BRIEF | In the records below, begin at the line that has "Claire Chazal rose photo" and stop after the line that has "Blue Ridge Two-lined"; quote those lines verbatim and nothing more.

RECORDS SHOWN |
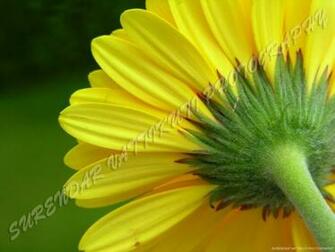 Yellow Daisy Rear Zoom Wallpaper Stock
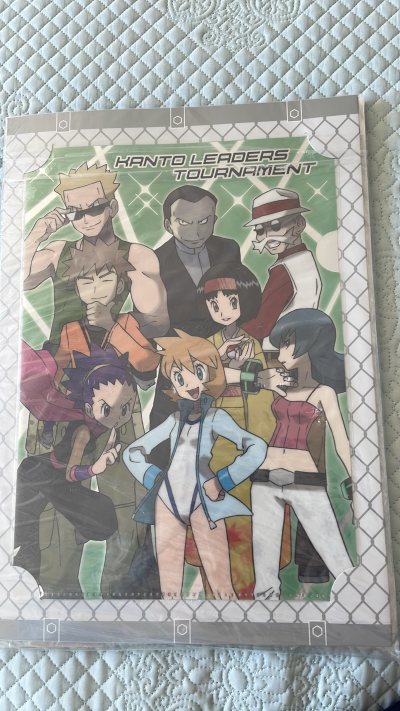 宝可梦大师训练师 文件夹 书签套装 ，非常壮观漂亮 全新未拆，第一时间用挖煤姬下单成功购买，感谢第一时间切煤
--
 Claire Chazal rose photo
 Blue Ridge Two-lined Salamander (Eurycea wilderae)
--
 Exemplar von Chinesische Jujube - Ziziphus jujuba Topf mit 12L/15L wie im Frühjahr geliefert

RESPONSE FOR THIS EXERCISE |
 Claire Chazal rose photo
 Blue Ridge Two-lined Salamander (Eurycea wilderae)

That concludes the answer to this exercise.